野崎梅太郎眼疾手快一把摟住即将暈倒摔在地上的佐倉千代,一臉的擔心憂慮:“等等,佐倉你先别急着暈倒啊。”還有重要的事情沒有完成呢,現在可不能倒下。
佐倉千代緩緩睜開雙眼,滿含熱淚,緊緊握住野崎梅太郎的手掌,感動地說道:“野崎君,還是你——”果然野崎君才是最棒的!
野崎梅太郎毫不留情地往佐倉千代心上紮了一刀,“爬完山再暈倒也不遲啊。”
佐倉千代臉色瞬間變得難看起來,心裡默念着:野崎君,我決定讨厭你一分鐘。
“來來來,每個人都領好自己的東西啊。”司機大叔從後備箱拎出四個背包,又熱心腸地給每人發了一根登山杖。
森清和驚奇地問道:“叔,你咋還沒走呐?”
“交給我的任務還沒有完成呢。”司機大叔随意地回答着,又拿出一條橫幅連忙指揮起四個人來。
打開橫幅,将一頭遞給森清和,另一頭交給禦子柴。
“欸,散開點,把橫幅舉起來。”司機大叔邊說邊比劃着,拿出照相機:“非常好,就這樣别動啊,來看鏡頭。”
“咔嚓。”
還沒反應過來的四個人就這樣被指揮着拍完了照片。
“XX公司團建活動圓滿成功。”森清和一看橫幅上的内容,徹底無奈了,滿頭黑線:“真的就叫XX公司啊,這樣會不會太草率了點。”等等,我們不是出來旅遊的嗎,怎麼就成公司團建了?
“再見了各位。”話音剛落,司機一腳油門,汽車就沖了出去。
森清和急忙揮舞着雙臂,試圖喚醒司機大叔的同情心:“诶诶,叔你先别急着走啊,要走把我們也一起帶上啊!”
看着汽車漸漸消失的身影,森清和失落地低下頭。
“喂,小清,你看司機又回來了啊。”禦子柴興奮地晃了晃森清和的肩膀。
森清和“唰”的一聲擡起頭,期待司機大叔說出那三個字——“上車吧”。
現實确是——司機大叔快速下車,拿過森清和手裡的橫幅,一臉懊悔地說道:“我怎麼把這給忘了呢。”
森清和的希望徹底落空了,頓時感到人生無望,前途一片黑暗。
禦子柴驚慌失措之下抓住森清和的肩膀使勁兒搖晃:“小清你别暈啊,你暈倒了我們怎麼辦?”
“小禦禦,你再搖下去恐怕就真的要出事了。

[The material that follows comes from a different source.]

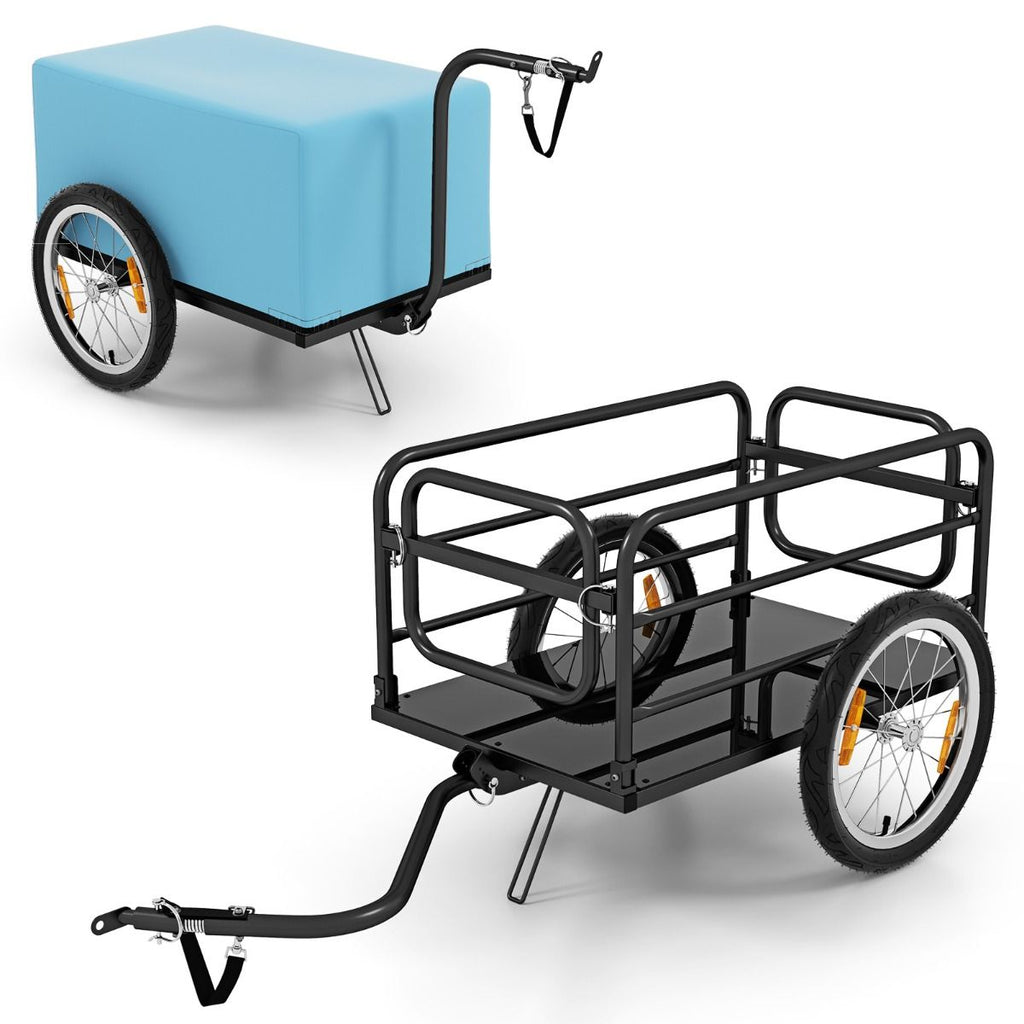 Remorque de Vélo avec Cadre Pliable Charge 55 kg Chariot pour Vélo avec Housse en Tissu Oxford Roues à Air de 40 cm Réflecteurs Bleu -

”佐倉千代驚恐地發現森清和的靈魂飄了出來。
野崎梅太郎倒是适應良好,已經打開背包一探究竟了:“水、水、水、還是水。”手微微顫抖,顯示出内心的不平靜,“為什麼上面一層全是水。”是怕我們渴死在山上嗎?
“誰說的,這不是還有手電筒、充電寶、巧克力、帽子、手套、羽絨服……”清醒過來的森清和盤點着背包内的物品,你别說裝備還真是齊全,如果爬山的不是我那就更好了。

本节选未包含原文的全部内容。